SINGAPORE, May 31 (Reuters) Oil prices were unchanged on Thursday after a four-day losing streak as traders took pause ahead of a likely further rise in U.S. gasoline inventories.

London Brent crude slipped 5 cents to $67.79 a barrel by 0330 GMT, taking losses so far this week to nearly $3 a barrel. U.S.

light, sweet crude was down 12 cents at $63.37 after bucking the trend to gain 34 cents on Wednesday.

ICE's Middle East Dubai crude was up 4 cents.

Losses in Brent crude and gasoline prices came as traders grew increasingly hopeful that motor fuel inventories would last out the peak-demand summer driving season.

Gasoline stocks are expected to have risen by 1.3 million barrels in the week preceding Monday's Memorial Day holiday, which marked the informal start of the summer, according to a Reuters poll ahead of data due out at 1530 GMT.

That would be the fourth build in a row, but would still leave stocks far shy of their norms for this time of year.

''It is worth noticing...that such a build would do little in alleviating the tight supply situation in the gasoline market,'' Barclays Capital said in a report.

Crude oil stocks are expected to have risen by 700,000 barrels and distillate inventories by the same margin.

Oil traders also kept a wary eye on Chinese equity markets after a 6.5 percent fall a day ago, although analysts have said the local equity market's volatility is unlikely to have an immediate impact on economic growth, or oil demand.

The Shanghai index fell sharply again in early trade on Thursday but was down just half a percent by 0317 GMT.
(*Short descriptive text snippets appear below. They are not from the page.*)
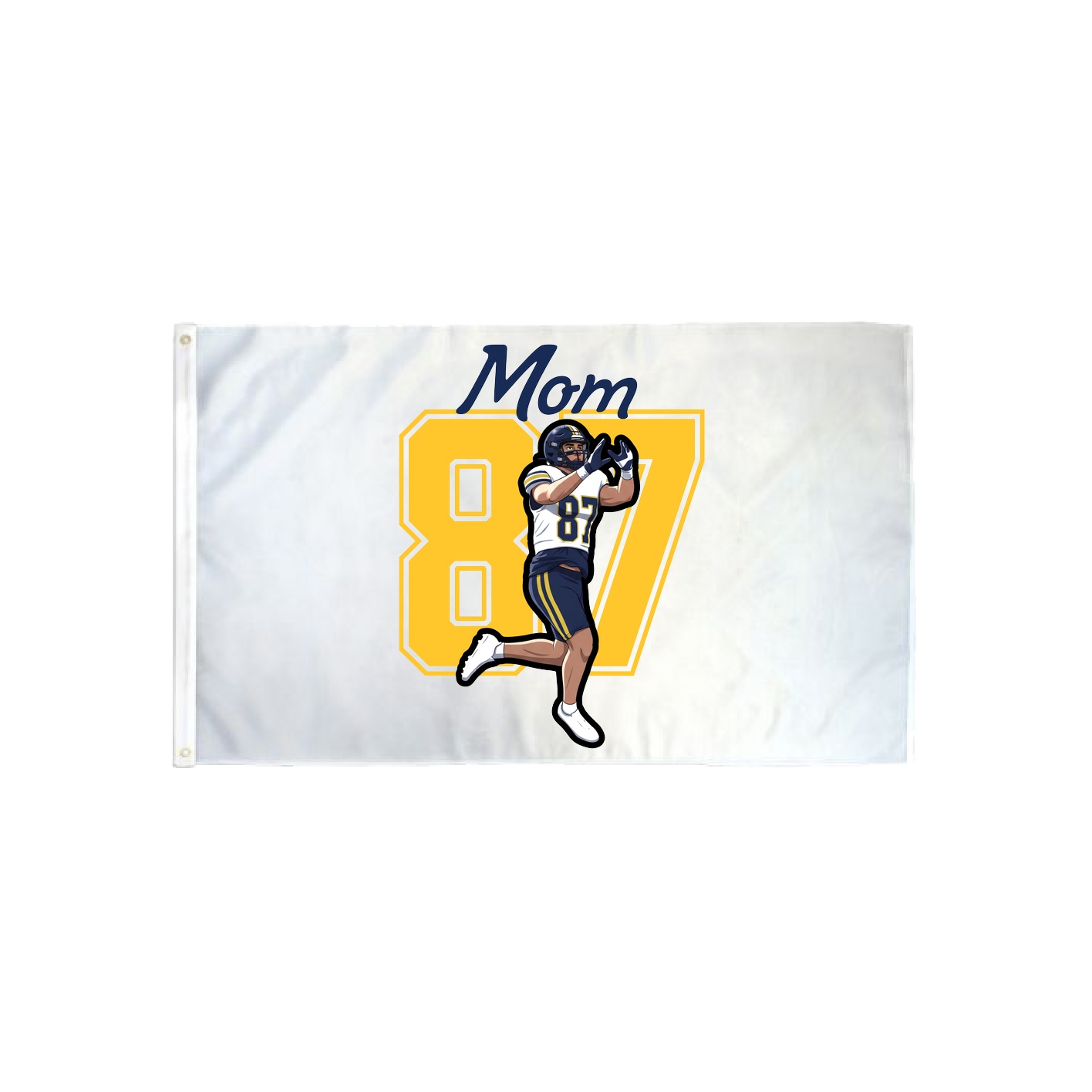 3x5 Flag — Mothers Day Shirsey in Classic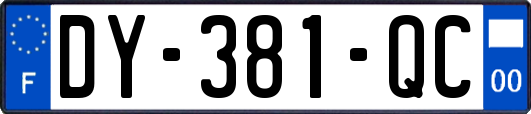 DY-381-QC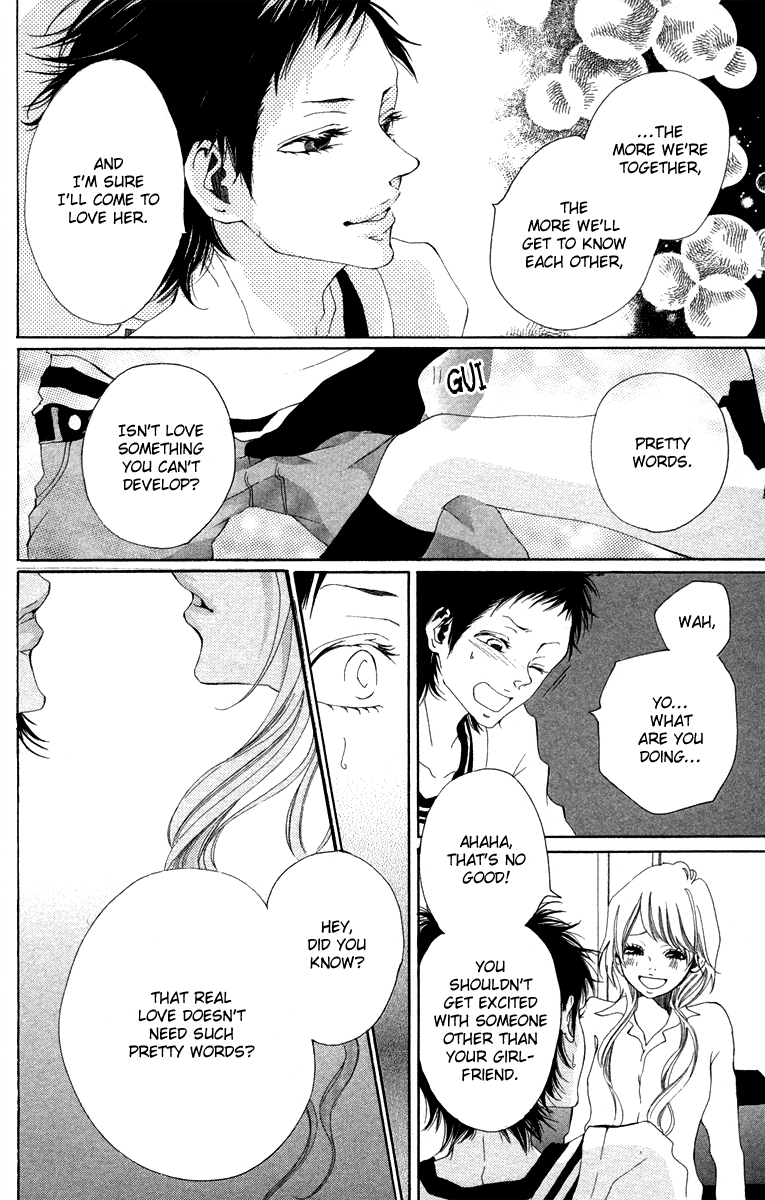 Hatsukoi ni Oboreta Hatsukoi ni Oboreta [Part 1] 第38页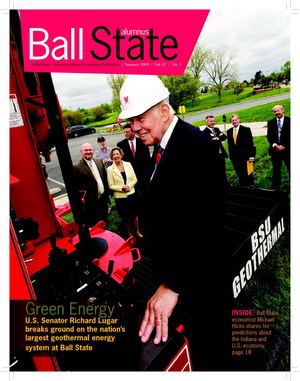 Ball State Alumnus July 2009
Nigeria will also remain a focus of concern for traders as violence against the oil industry continued into the first days of new president Umaru Yar'Adua's tenure, which began Tuesday.

Royal Dutch Shell said on Wednesday that its production had been cut by 150,000 barrels per day (bpd) after protesters sabotaged an export pipeline hub for the second time this month, although it had already begun restoring some output.

Adding to supply risks, June marks the start of the six-month period when Atlantic Ocean hurricanes can form, threatening Gulf of Mexico oil production and refining operation. The U.S. government's top climate agency expects up to 10 Atlantic basin hurricanes, of which three to five could be major ones.

Government and industry officials said on Wednesday that the U.S.

energy industry is better prepared after learning lessons from hurricanes Katrina and Rita in 2005.